# Work item:
An exact repetition of every entry, with no images, is the required answer.

▼▼▼

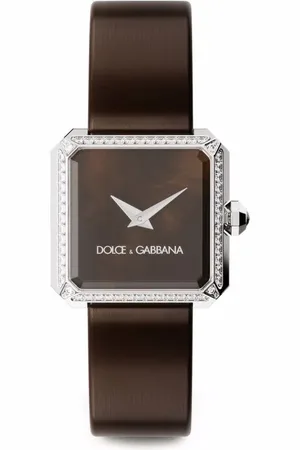 Dolce & Gabbana Sofia 24mm
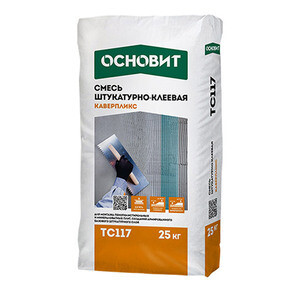 Сухие клеевые смеси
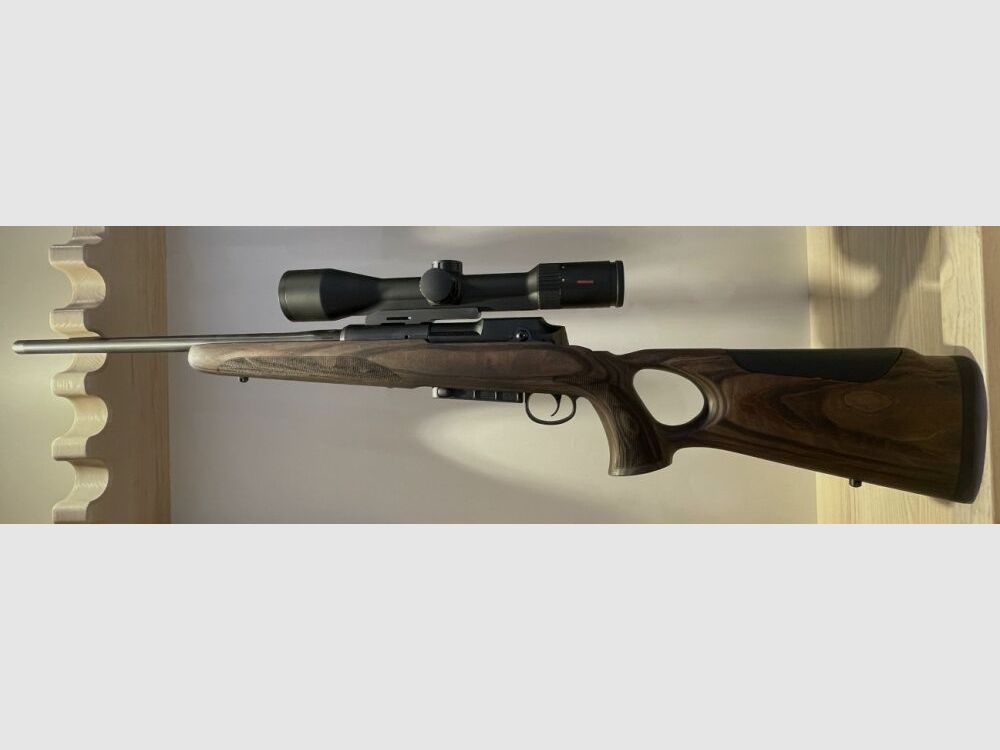 MAUSER M25 MAX - KOMPLETTANGEBOT!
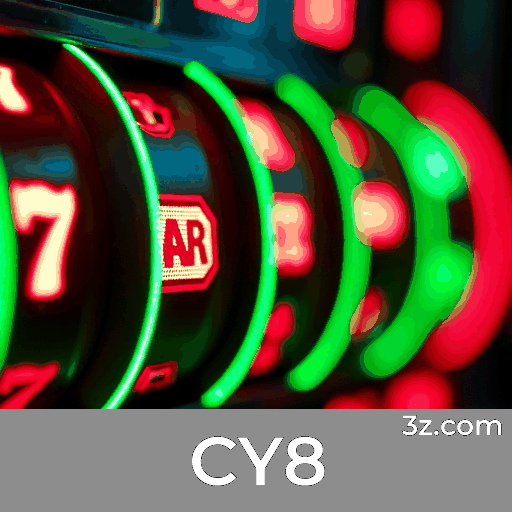 CY8 Logo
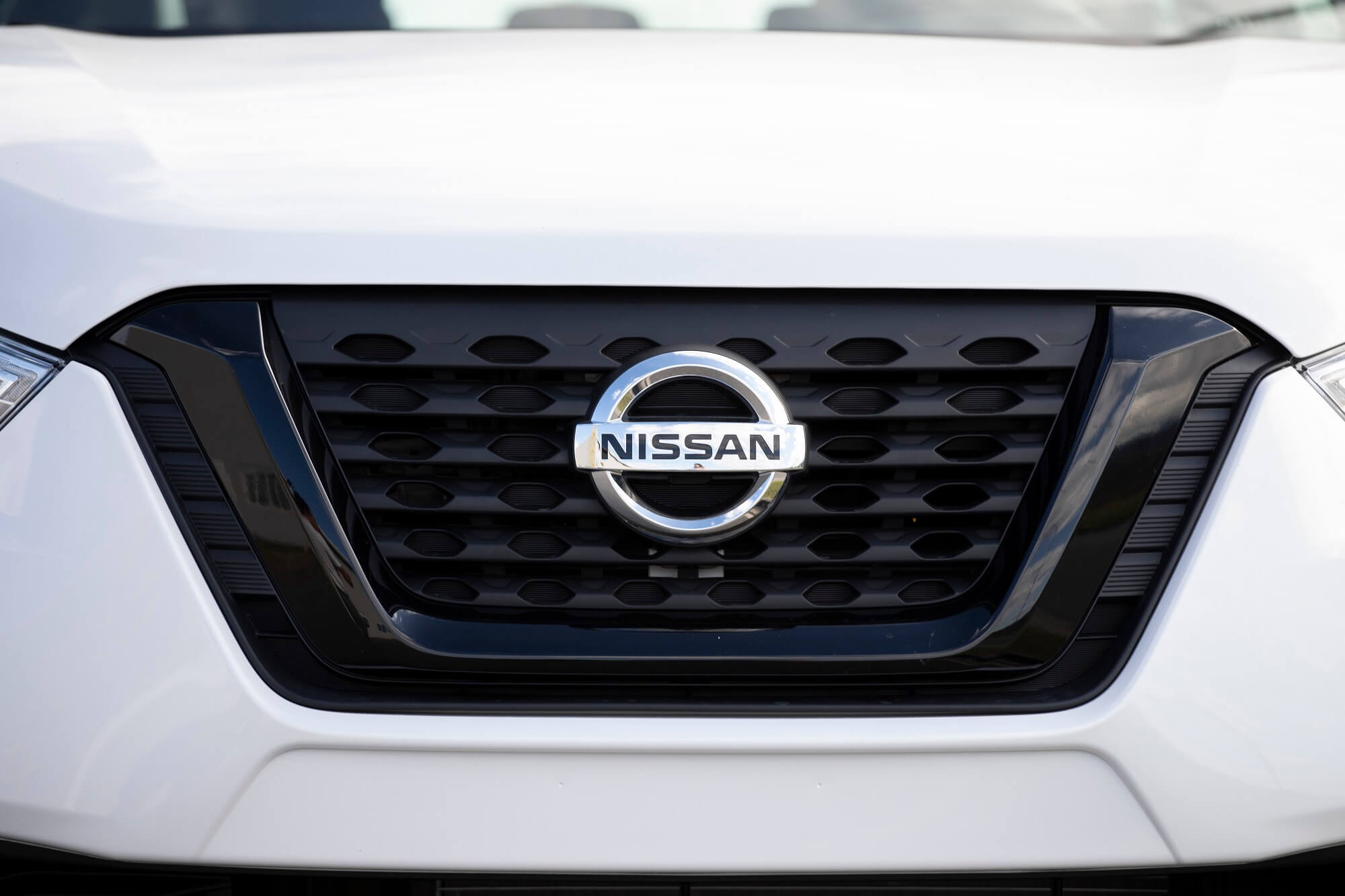 Nissan Kicks Special Edition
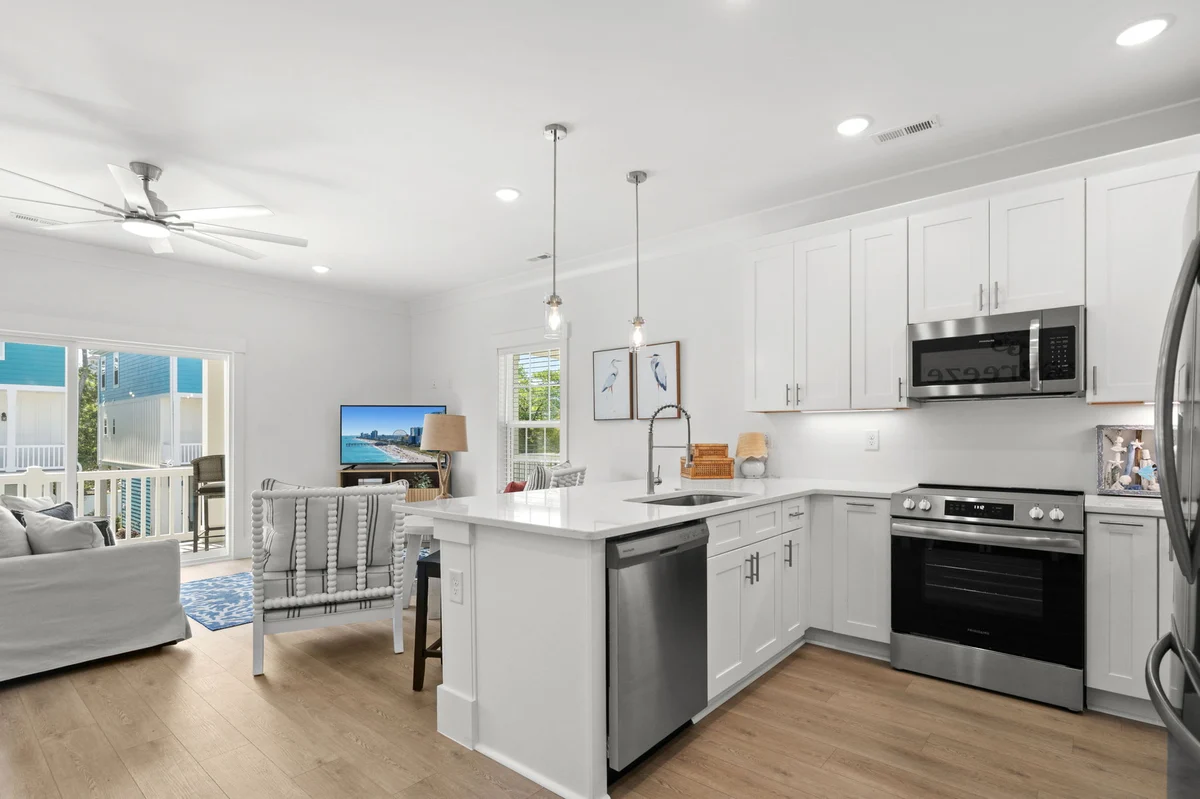 2304 Seaseeker Lane #51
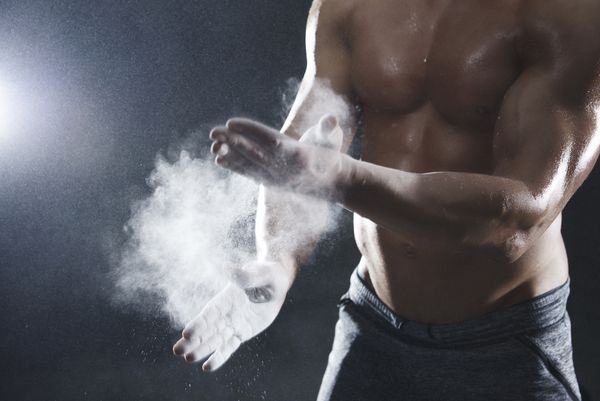 Getting Started with Olympic Weightlifting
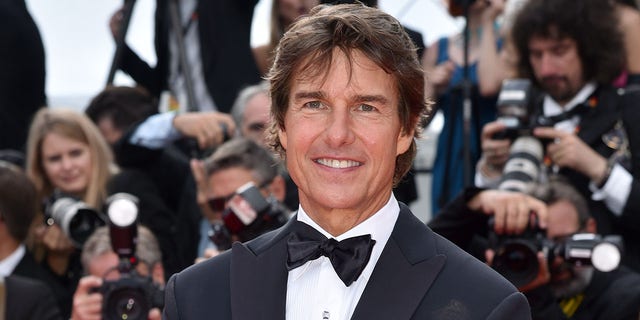 "Top Gun: Maverick" marks the best career opener for Tom Cruise.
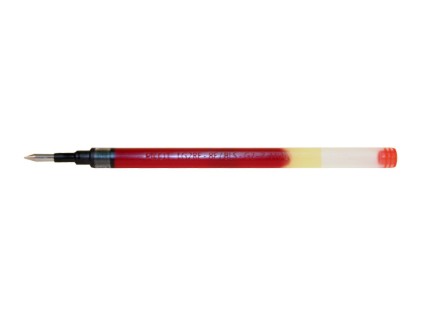 Pilot BLS-G2-7-R Medio Rosso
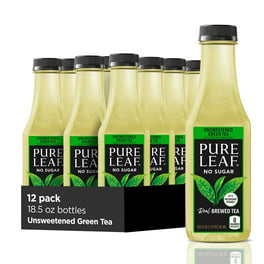 Pure Leaf Real Brewed Iced Tea — Tea & Things
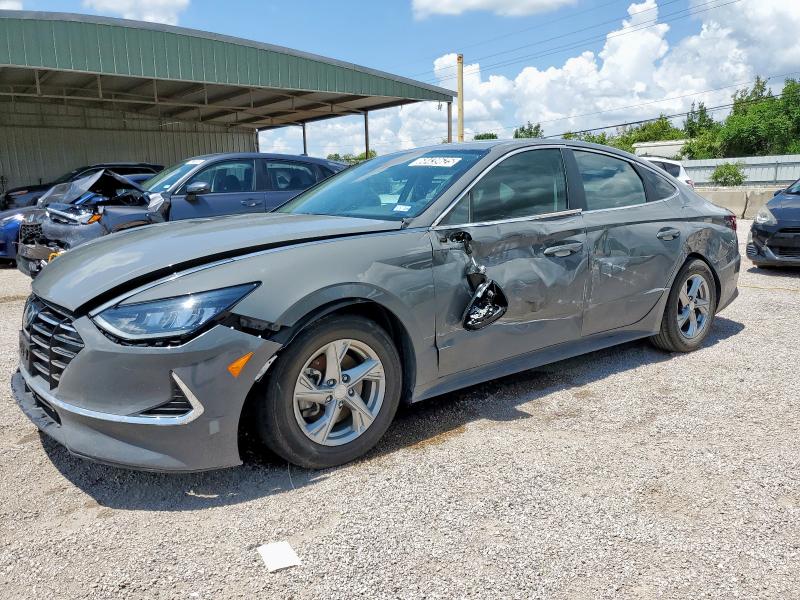 2020 HYUNDAI SONATA SE,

▲▲▲

# Your solution:
 Dolce & Gabbana Sofia 24mm
 Сухие клеевые смеси
 MAUSER M25 MAX - KOMPLETTANGEBOT!
 CY8 Logo
 Nissan Kicks Special Edition
 2304 Seaseeker Lane #51
 Getting Started with Olympic Weightlifting
 "Top Gun: Maverick" marks the best career opener for Tom Cruise.
 Pilot BLS-G2-7-R Medio Rosso
 Pure Leaf Real Brewed Iced Tea — Tea & Things
 2020 HYUNDAI SONATA SE,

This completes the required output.